■ Your instructions: Using the entries below, output exactly the lines from the one containing "Abdominoplasty Front View After" through the final line, both included, and no others.

------ The data ------

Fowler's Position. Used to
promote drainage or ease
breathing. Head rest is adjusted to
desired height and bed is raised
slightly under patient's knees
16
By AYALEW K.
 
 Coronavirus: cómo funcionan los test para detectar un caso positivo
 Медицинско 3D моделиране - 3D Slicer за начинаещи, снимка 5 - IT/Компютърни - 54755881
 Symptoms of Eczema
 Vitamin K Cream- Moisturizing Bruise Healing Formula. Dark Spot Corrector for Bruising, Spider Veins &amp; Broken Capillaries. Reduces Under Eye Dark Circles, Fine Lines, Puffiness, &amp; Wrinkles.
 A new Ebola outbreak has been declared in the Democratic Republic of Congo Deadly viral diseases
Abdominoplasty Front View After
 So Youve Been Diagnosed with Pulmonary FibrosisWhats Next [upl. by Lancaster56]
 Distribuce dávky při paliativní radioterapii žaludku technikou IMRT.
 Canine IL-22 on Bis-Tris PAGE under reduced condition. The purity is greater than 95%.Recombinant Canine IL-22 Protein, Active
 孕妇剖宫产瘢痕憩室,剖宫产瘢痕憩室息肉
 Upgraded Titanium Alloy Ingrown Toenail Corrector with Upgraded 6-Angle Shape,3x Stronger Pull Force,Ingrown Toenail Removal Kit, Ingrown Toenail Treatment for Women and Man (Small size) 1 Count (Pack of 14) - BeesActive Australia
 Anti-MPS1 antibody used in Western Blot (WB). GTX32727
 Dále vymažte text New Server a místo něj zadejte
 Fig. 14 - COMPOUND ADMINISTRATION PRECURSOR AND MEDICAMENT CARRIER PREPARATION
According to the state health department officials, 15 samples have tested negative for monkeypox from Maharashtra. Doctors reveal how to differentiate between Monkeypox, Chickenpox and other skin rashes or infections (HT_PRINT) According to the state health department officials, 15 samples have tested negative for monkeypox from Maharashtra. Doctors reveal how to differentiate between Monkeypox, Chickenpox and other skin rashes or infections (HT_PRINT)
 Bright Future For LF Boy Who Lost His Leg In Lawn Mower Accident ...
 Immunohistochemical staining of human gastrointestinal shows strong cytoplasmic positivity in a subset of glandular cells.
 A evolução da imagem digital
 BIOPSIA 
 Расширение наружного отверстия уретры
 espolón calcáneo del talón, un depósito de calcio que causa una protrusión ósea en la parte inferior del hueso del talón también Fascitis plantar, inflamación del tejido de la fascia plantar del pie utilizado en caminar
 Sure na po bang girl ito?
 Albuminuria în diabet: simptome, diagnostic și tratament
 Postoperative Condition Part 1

------

■ Result of the task:
Abdominoplasty Front View After
 So Youve Been Diagnosed with Pulmonary FibrosisWhats Next [upl. by Lancaster56]
 Distribuce dávky při paliativní radioterapii žaludku technikou IMRT.
 Canine IL-22 on Bis-Tris PAGE under reduced condition. The purity is greater than 95%.Recombinant Canine IL-22 Protein, Active
 孕妇剖宫产瘢痕憩室,剖宫产瘢痕憩室息肉
 Upgraded Titanium Alloy Ingrown Toenail Corrector with Upgraded 6-Angle Shape,3x Stronger Pull Force,Ingrown Toenail Removal Kit, Ingrown Toenail Treatment for Women and Man (Small size) 1 Count (Pack of 14) - BeesActive Australia
 Anti-MPS1 antibody used in Western Blot (WB). GTX32727
 Dále vymažte text New Server a místo něj zadejte
 Fig. 14 - COMPOUND ADMINISTRATION PRECURSOR AND MEDICAMENT CARRIER PREPARATION
According to the state health department officials, 15 samples have tested negative for monkeypox from Maharashtra. Doctors reveal how to differentiate between Monkeypox, Chickenpox and other skin rashes or infections (HT_PRINT) According to the state health department officials, 15 samples have tested negative for monkeypox from Maharashtra. Doctors reveal how to differentiate between Monkeypox, Chickenpox and other skin rashes or infections (HT_PRINT)
 Bright Future For LF Boy Who Lost His Leg In Lawn Mower Accident ...
 Immunohistochemical staining of human gastrointestinal shows strong cytoplasmic positivity in a subset of glandular cells.
 A evolução da imagem digital
 BIOPSIA 
 Расширение наружного отверстия уретры
 espolón calcáneo del talón, un depósito de calcio que causa una protrusión ósea en la parte inferior del hueso del talón también Fascitis plantar, inflamación del tejido de la fascia plantar del pie utilizado en caminar
 Sure na po bang girl ito?
 Albuminuria în diabet: simptome, diagnostic și tratament
 Postoperative Condition Part 1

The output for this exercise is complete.